Porsche’s first car recovered after a century
The very first vehicle to be designed by Ferdinand Porsche, the automotive engineer and founder of the Porsche Car Company, has been recovered from a warehouse in Austria in its original, unrestored condition and recently put on display.
Untouched since 1902, the “Egger-Lohner electric vehicle, C.2 Phaeton model”, known as the “P1” for short, was designed and built by Porsche in 1898 making it 116-years-old. Porsche engraved the code “P1”, which stands for Porsche number 1, onto all the key components giving the car its unofficial name.
The P1 looks more like a horse-drawn carriage than the sports cars for which Porsche is more renowned.

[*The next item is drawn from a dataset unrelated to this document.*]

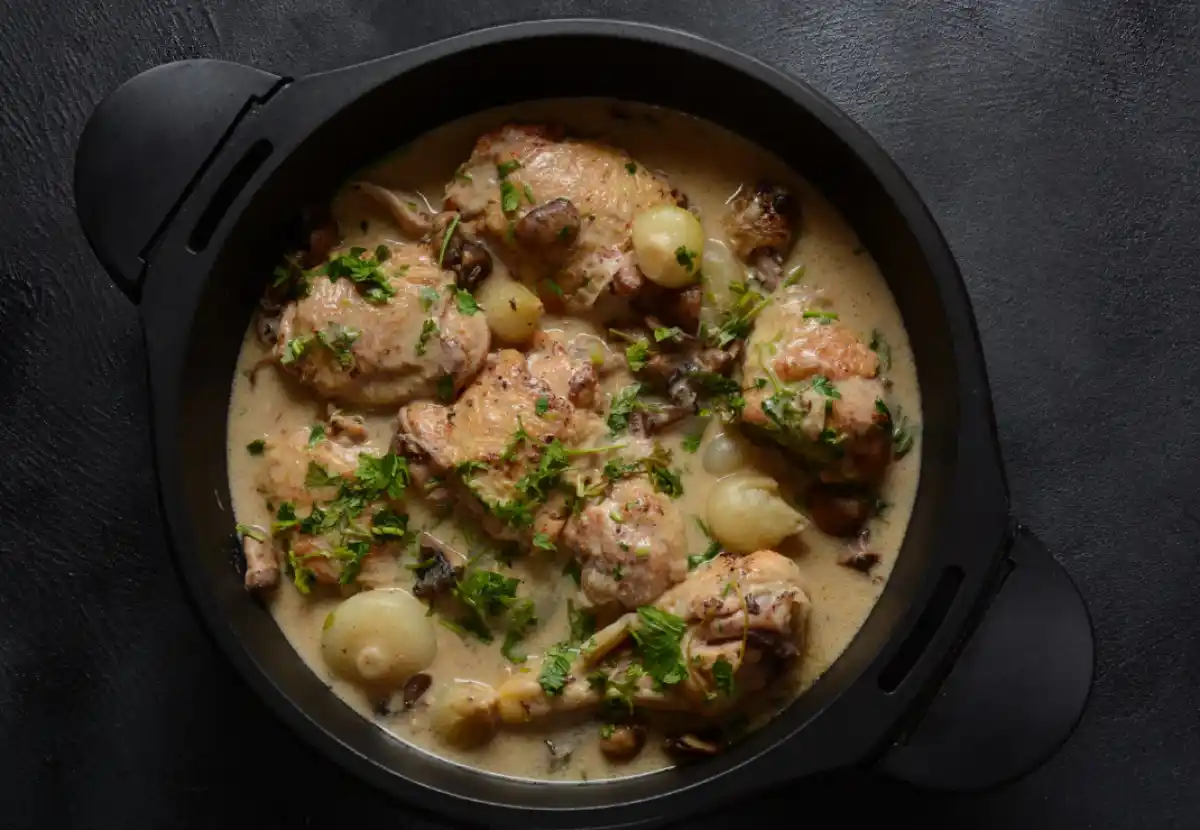Fricassée de Volaille aux Champignons et Pommes de Terre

It features wooden wheels and an electric motor allowing the car to reach a top speed of around 35 km/h. The speed is regulated by a 12-speed controller, allowing for three to five hours of driving time.
It made its first official appearance in Vienna on June 26, 1898, as the first car to be registered in Austria. It was put to the test at the international motor vehicle exhibition in Berlin, where Porsche participated in an all-electric vehicle race. More than half of the competitors failed to finish due to technical issues but Porsche went on to complete the race 18 minutes ahead of the next competitor.
This discovery couldn’t have come at a more appropriate time. The P1 has been put on display to be viewed free of charge at the Porsche Museum as part of its fifth anniversary celebrations.
The company says the P1 will be the centrepiece that introduces visitors to the first part of the newly structured product and motorsport history exhibition. It will bridge the gap between the past and present-day developments such as the Porsche 918 Spyder. The plug-in hybrid 918 Spyder follows the long tradition to be a technological benchmark that first started 116 years ago with the P1.